Segment Open
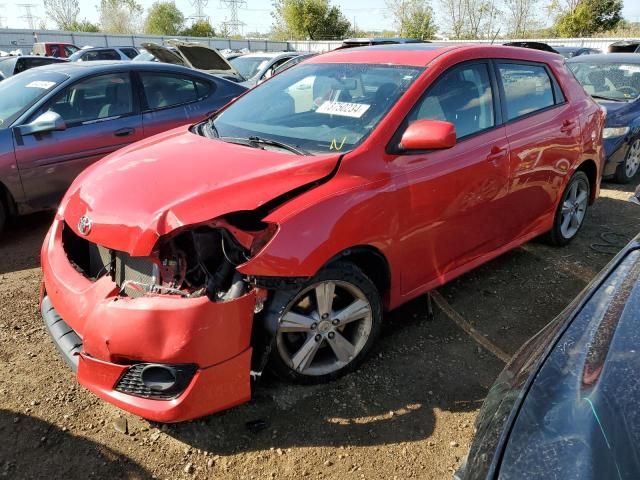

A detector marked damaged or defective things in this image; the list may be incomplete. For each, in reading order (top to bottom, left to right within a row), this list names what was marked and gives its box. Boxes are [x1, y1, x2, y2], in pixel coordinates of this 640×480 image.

crumpled hood [60, 125, 340, 256]
detached front bumper [40, 219, 258, 422]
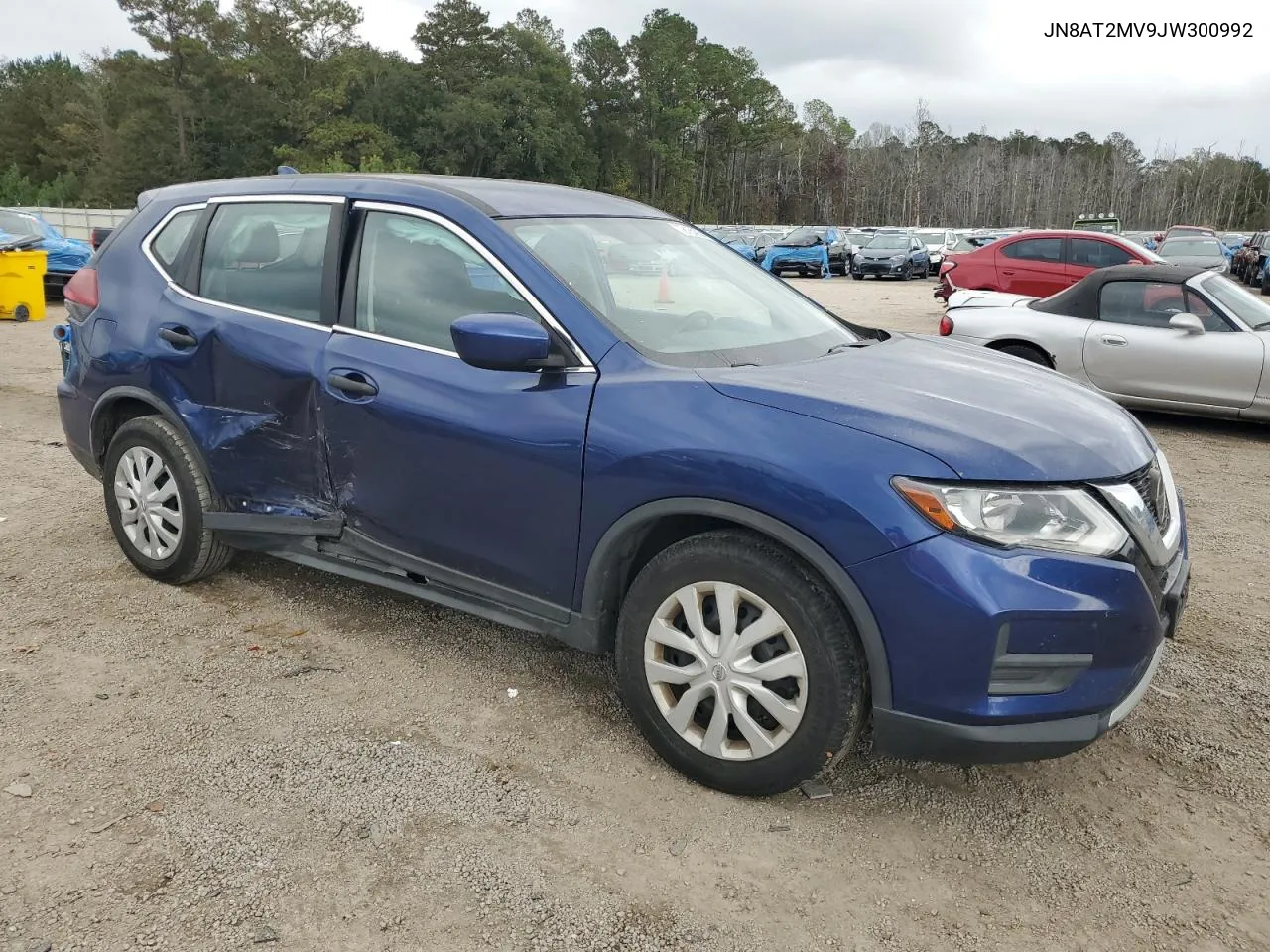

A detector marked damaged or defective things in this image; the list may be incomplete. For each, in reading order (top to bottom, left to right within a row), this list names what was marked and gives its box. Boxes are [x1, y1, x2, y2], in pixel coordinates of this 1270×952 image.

damaged rear door [149, 196, 345, 518]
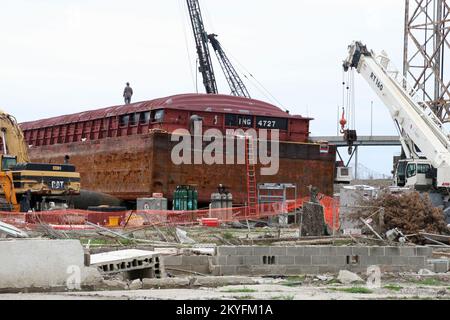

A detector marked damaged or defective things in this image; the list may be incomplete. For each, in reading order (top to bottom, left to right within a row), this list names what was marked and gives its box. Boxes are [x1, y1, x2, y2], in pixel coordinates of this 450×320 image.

large rusty barge [20, 94, 338, 206]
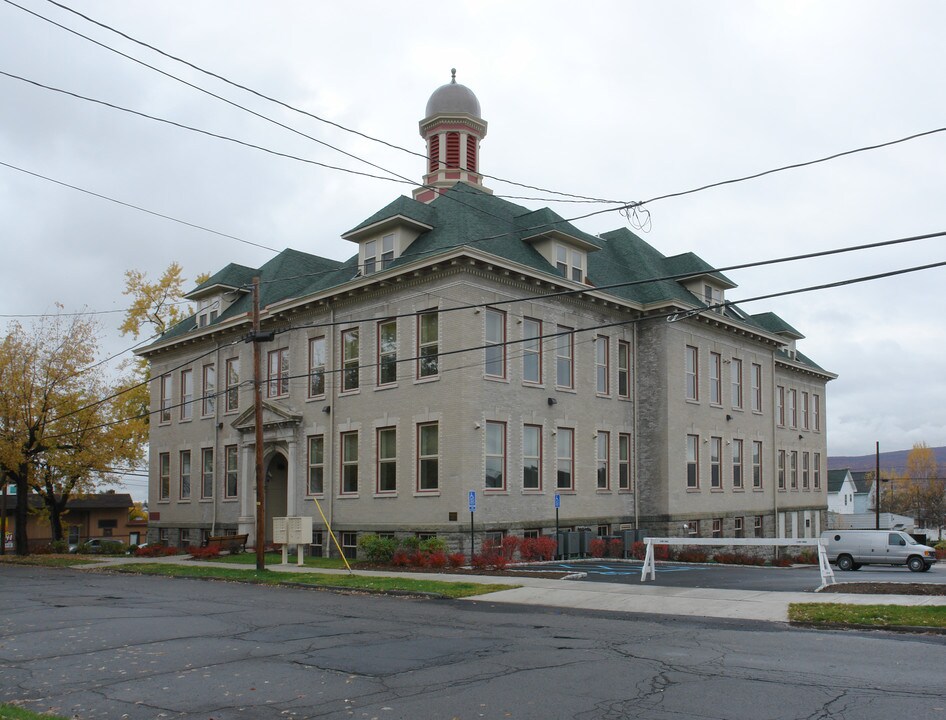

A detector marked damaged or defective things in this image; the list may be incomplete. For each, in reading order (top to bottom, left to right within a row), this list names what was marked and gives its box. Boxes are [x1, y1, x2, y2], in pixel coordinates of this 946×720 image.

cracked pavement [1, 568, 944, 720]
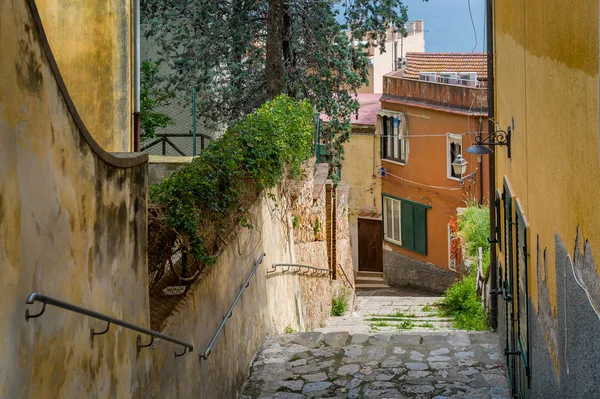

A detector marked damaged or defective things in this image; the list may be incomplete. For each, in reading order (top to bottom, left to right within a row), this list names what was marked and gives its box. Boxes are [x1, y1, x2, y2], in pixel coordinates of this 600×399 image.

peeling paint wall [0, 1, 148, 398]
peeling paint wall [37, 0, 133, 152]
peeling paint wall [492, 0, 600, 396]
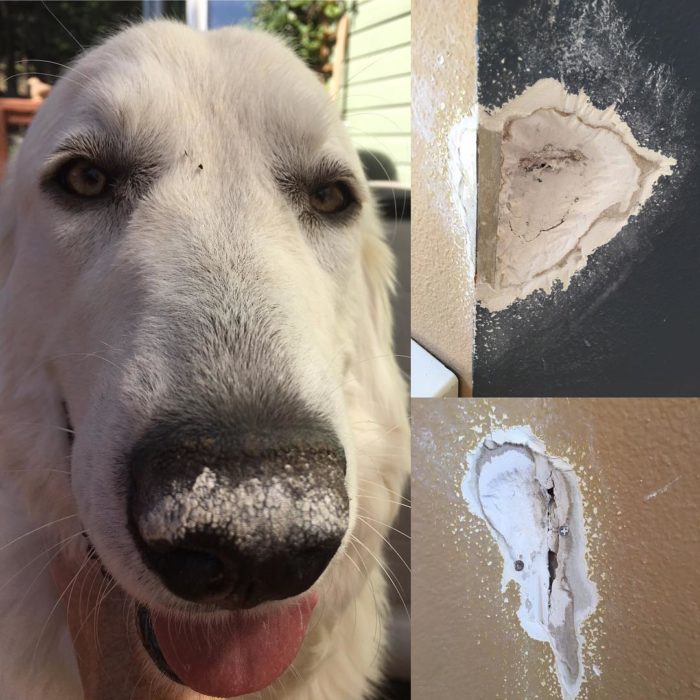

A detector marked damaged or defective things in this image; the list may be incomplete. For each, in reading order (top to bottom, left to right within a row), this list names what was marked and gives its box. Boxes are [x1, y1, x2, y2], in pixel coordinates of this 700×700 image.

damaged drywall [474, 79, 676, 312]
damaged drywall [462, 426, 600, 700]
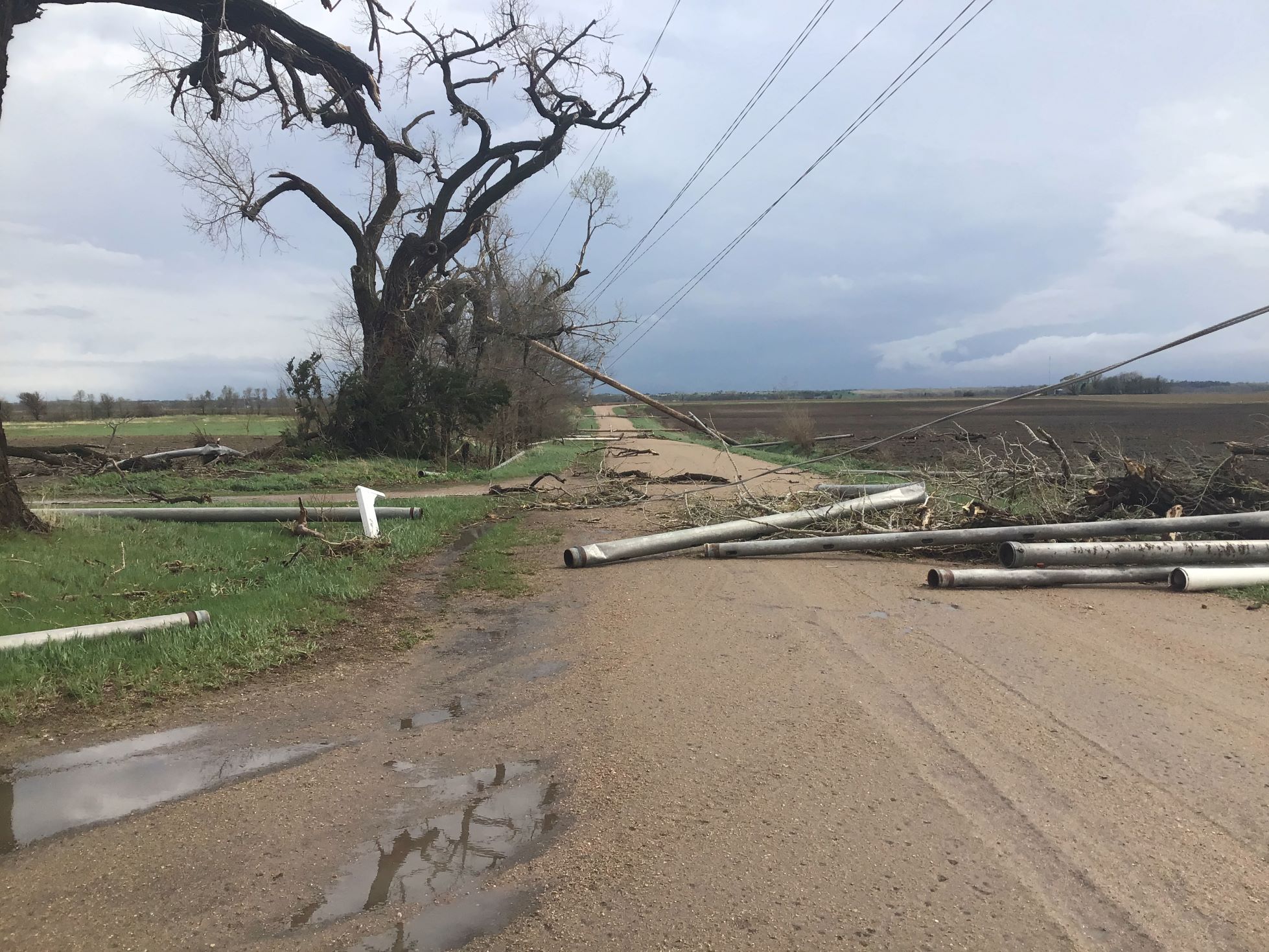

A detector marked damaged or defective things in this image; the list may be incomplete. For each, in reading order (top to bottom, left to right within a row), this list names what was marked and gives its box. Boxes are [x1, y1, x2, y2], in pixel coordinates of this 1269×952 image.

rusted pipe end [995, 543, 1025, 566]
rusted pipe end [924, 566, 954, 588]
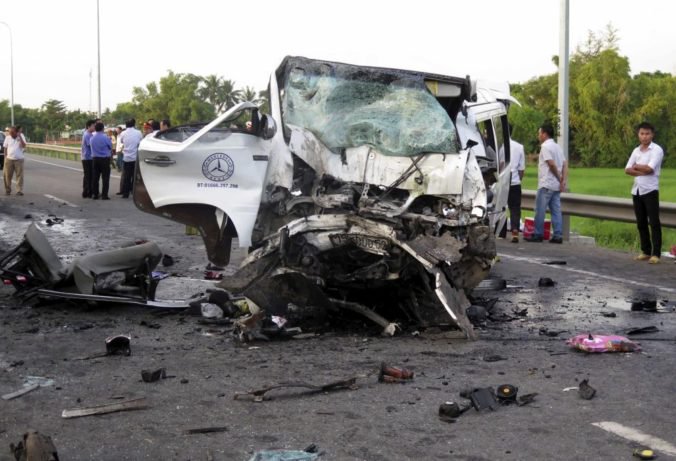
Segment Closed
■ ASSIGNED TASK ■
Write out each entry exactly as given, but skip the pictures.

■ ANSWER TO THIS EXERCISE ■
A detector marked damaged or defective things in this image; the list may be incomplete. For each, in reading order (top to bottom, left to right within a row), this list names what was marked and gives its box. Boxes are [x1, y1, x2, y2], in pixel coordinates of this 640×480 image.

crumpled hood [60, 125, 340, 256]
detached front bumper [40, 219, 258, 422]

A detector marked damaged or defective things in this image; the list may be incomplete. For each, in reading order (top to bottom, left to right within a row), this list names what was marked and gives its box. Boxes are [x1, y1, x2, y2], in pixel coordinates of this 1270×952 image.

damaged rear door [149, 196, 345, 518]

A detector marked damaged or defective things in this image; the list may be incomplete. For each, in reading order (top to bottom, left to right within a row), this list names what was marked and gives its box. Boxes are [x1, y1, x2, y2], in pixel coordinates of this 450×320 image.

large rusty barge [20, 94, 338, 206]

A detector marked damaged or defective things in this image; the list may be incomplete. For each, in reading order (top to bottom, left to right within a row), this list names what was marked and gives its box. Boxes are [x1, y1, x2, y2], in pixel coordinates of this 946×720 image.

cracked pavement [1, 568, 944, 720]

A detector marked damaged or defective things in this image; the list may be incomplete. For each, in reading order (top to bottom, left to right within a row), this list names what was marked and gives its box. Boxes are [x1, y1, x2, y2], in pixel coordinates of this 600×399 image.

peeling paint wall [0, 1, 148, 398]
peeling paint wall [37, 0, 133, 152]
peeling paint wall [492, 0, 600, 396]

A detector marked damaged or defective things in this image; the list may be incomplete. For each, in reading order (top to bottom, left to right within a row), this list names what was marked and gives its box. Boxes are [x1, y1, x2, y2], in pixel coordinates of this 700×700 image.

damaged drywall [474, 79, 676, 312]
damaged drywall [462, 426, 600, 700]

A detector marked damaged or defective things in this image; the list may be incomplete. For each, in reading order (top to bottom, left to right within a row), this list names what was marked and gives its box. Boxes are [x1, y1, x2, y2], in pixel coordinates of this 1269×952 image.

rusted pipe end [995, 543, 1025, 566]
rusted pipe end [924, 566, 954, 588]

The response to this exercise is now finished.